● **YOUR OBJECTIVE**
Copy word for word the line containing "언더복서 53화 20" together with all lines following it to the end of the listing below, without the pictures.

◇ ◇ ◇ ◇ ◇ ◇ ◇

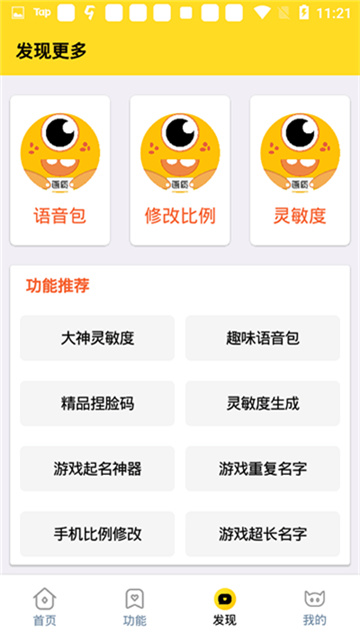 juzi666cc画质怪兽安卓版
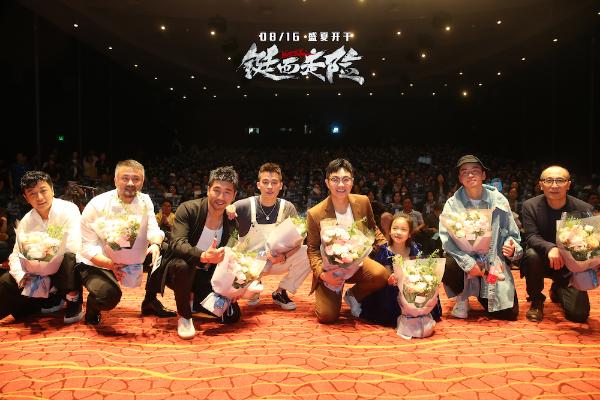 《铤而走险》上影节首度展映 大鹏欧豪领衔816盛夏佳片
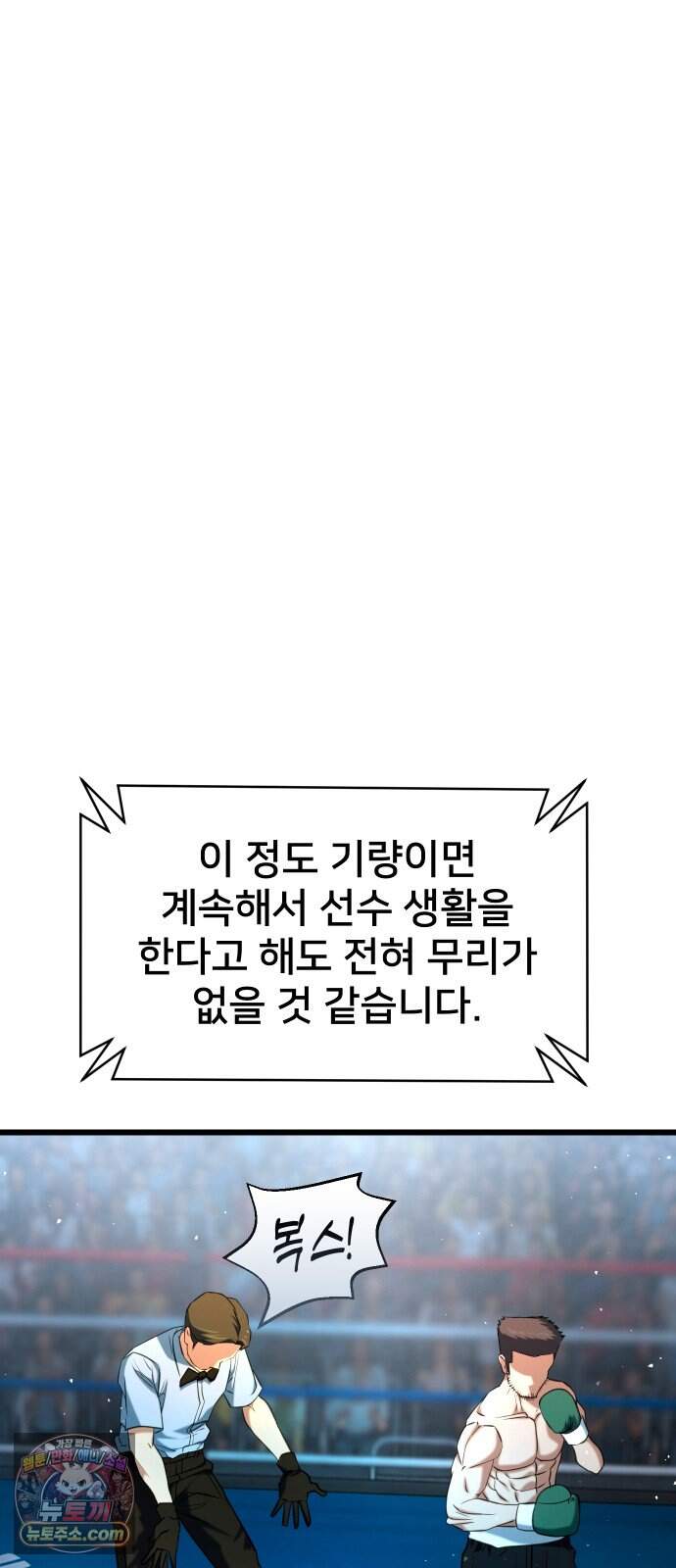 언더복서 53화 20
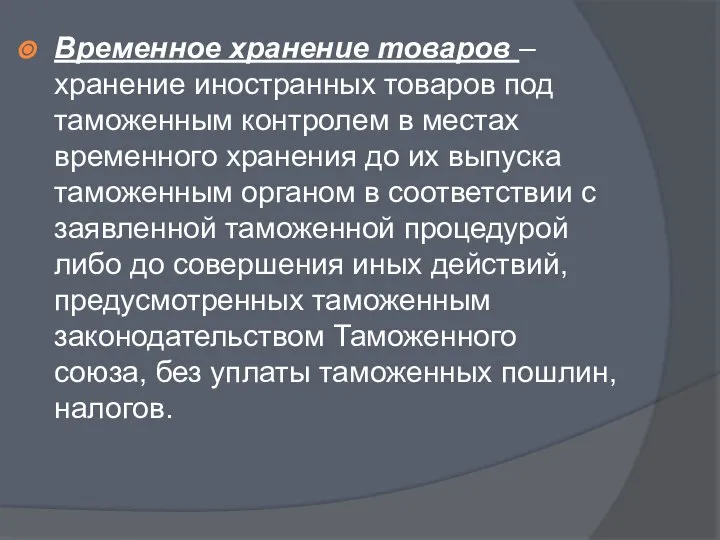 Временное хранение товаров – хранение иностранных товаров под таможенным контролем в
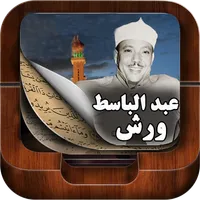 AbdelBasset Abdessamad - Warch icon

◇ ◇ ◇ ◇ ◇ ◇ ◇

● **SOLUTION**
 언더복서 53화 20
 Временное хранение товаров – хранение иностранных товаров под таможенным контролем в
 AbdelBasset Abdessamad - Warch icon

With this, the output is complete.